Bannigan. A type of moleskin. (Not to be confused with the chain of eateries.)
Bargello. Also known spil Florentine or Flamestitch. A geometric or zigzag pattern made from long straight derecho stitches on canvas. (See photo.) Bargello originated te 17th century Europe but works with many styles of dГ©cor. It is very durable and is suitable for upholstery. Bargello is also used to refer to printed patterns that resemble the traditional needlepoint designs. (Not the name for those jello shots that go down a little too lightly at the lugar buffet. )
Barkcloth. Originally referred to a fabric made from internal bark of certain trees, which is soaked and hammered with a mallet into a lean sheet. It can be bleached, dyed or painted. Called “tapa” ter Hawaii and “kapa” te Fiji, barkcloth wasgoed a staple via the South Pacific. Barkcloth also refers to a soft and textured cotton and/or rayon fabric with a crepe-like feel that is made to resemble true barkcloth. (albeit some can be printed te colors so noisy it might be more accurate to say it resembles the bark of a dog). Barkcloth printed with floral and leaf designs wasgoed a popular decorating fabric ter the 1930s through 1950s.
Barras. A coarse linen fabric originally produced ter Nederland. (Which may be why the only remotely clever thing I think of to say about it is also too coarse to include here.)
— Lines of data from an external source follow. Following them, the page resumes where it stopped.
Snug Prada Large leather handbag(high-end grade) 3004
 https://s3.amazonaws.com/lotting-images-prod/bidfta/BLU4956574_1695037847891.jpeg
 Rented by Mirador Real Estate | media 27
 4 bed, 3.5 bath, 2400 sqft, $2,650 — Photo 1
Barre. A fabric ter which stripes run ter crosswise directions. (Not the carril or caf that dancers use for support during warm-ups.)
Barrier Fabric. Fabrics that act spil barriers to dust, dust mites, and allergens.
Basketweave. A plain or tabby weaving variation named for the basket-like pattern of the weave. (Duh.)
Schors fiber. Strong, soft, woody fibers, such spil flax, jute, hemp, and ramie obtained from the inward stems of plants.